_Task to carry out_. From the material below, retype exactly the lines that begin at the line with "Colonial Landing - Residential" and end after the line with "Novo celular da"; pictures stay out of the copy.

_Task material_.
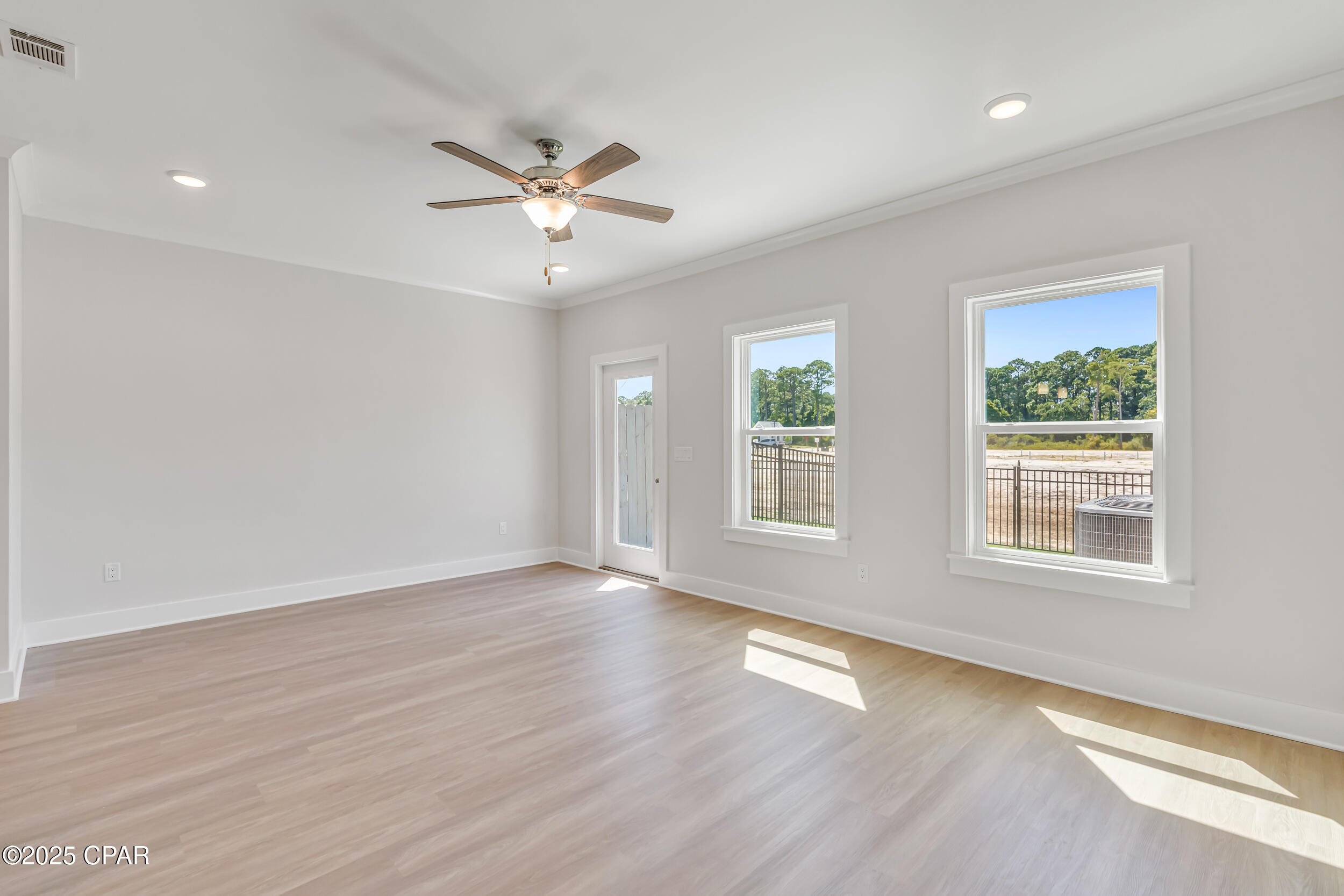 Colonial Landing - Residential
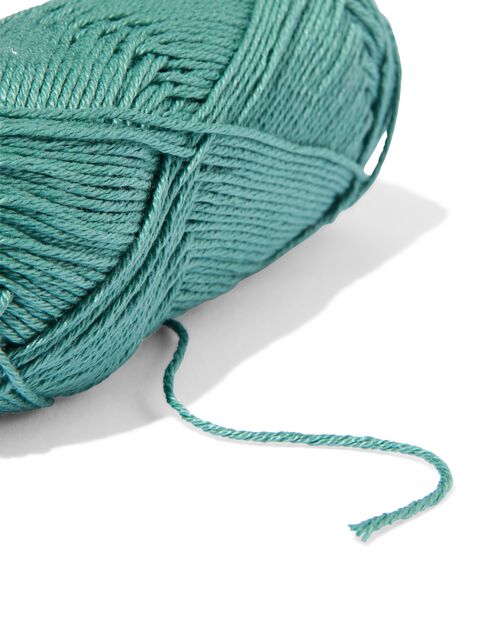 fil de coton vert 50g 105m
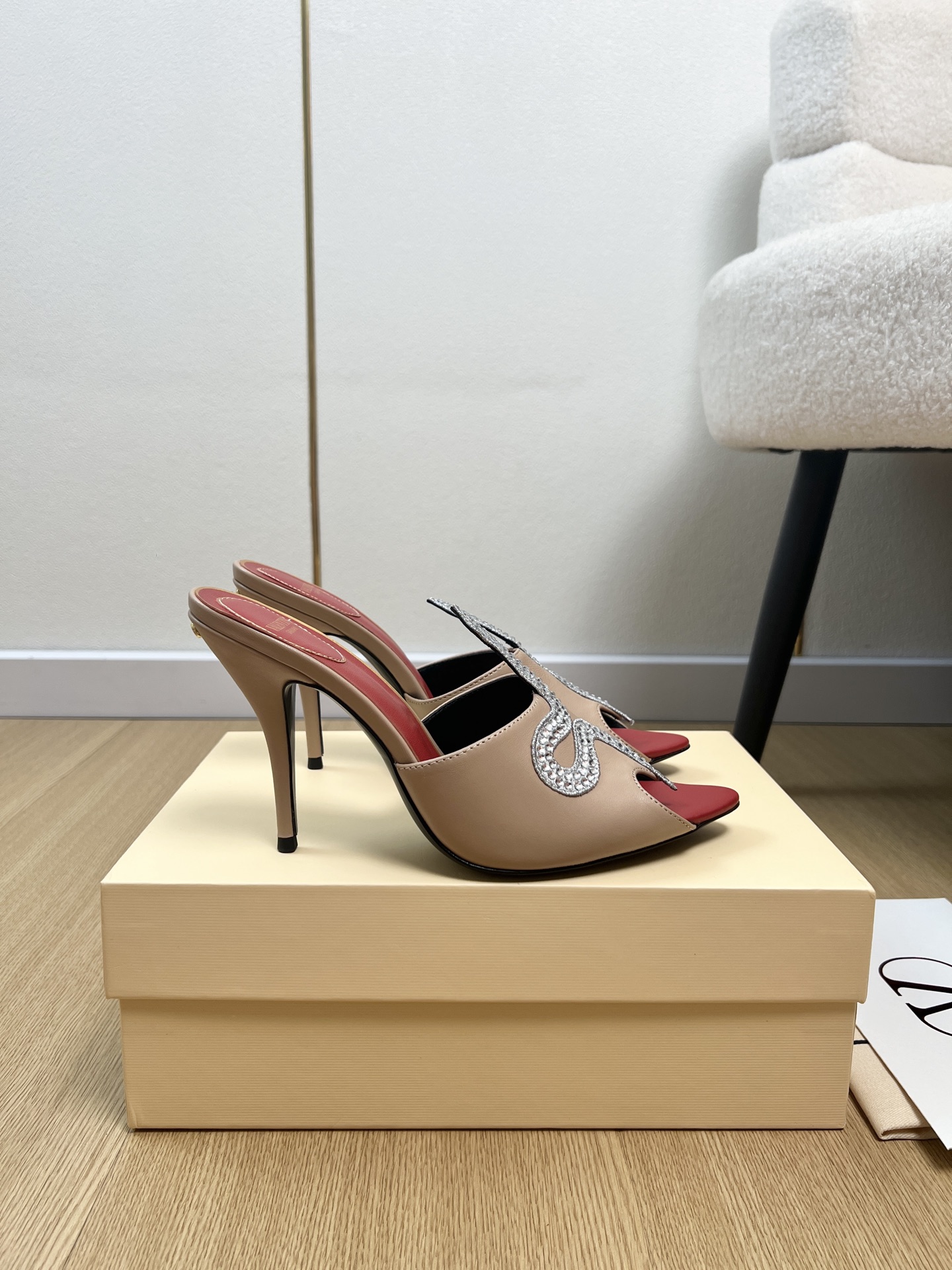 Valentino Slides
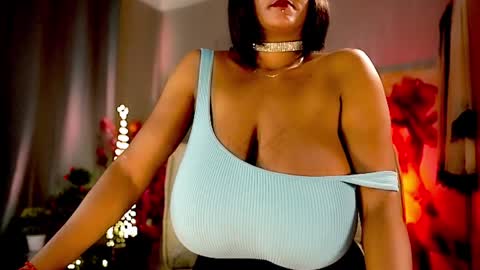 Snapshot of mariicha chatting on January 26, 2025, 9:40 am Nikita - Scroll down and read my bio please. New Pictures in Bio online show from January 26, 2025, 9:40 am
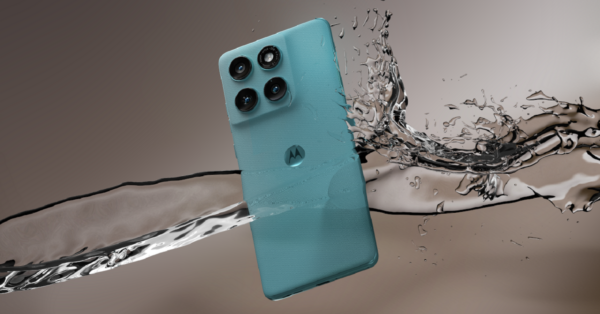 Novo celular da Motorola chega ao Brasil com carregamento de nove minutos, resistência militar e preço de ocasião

--

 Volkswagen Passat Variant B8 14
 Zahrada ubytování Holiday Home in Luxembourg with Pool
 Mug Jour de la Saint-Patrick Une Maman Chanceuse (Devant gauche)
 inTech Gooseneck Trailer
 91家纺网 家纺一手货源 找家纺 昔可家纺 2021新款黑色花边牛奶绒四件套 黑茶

_Answer area_.
 Colonial Landing - Residential
 fil de coton vert 50g 105m
 Valentino Slides
 Snapshot of mariicha chatting on January 26, 2025, 9:40 am Nikita - Scroll down and read my bio please. New Pictures in Bio online show from January 26, 2025, 9:40 am
 Novo celular da Motorola chega ao Brasil com carregamento de nove minutos, resistência militar e preço de ocasião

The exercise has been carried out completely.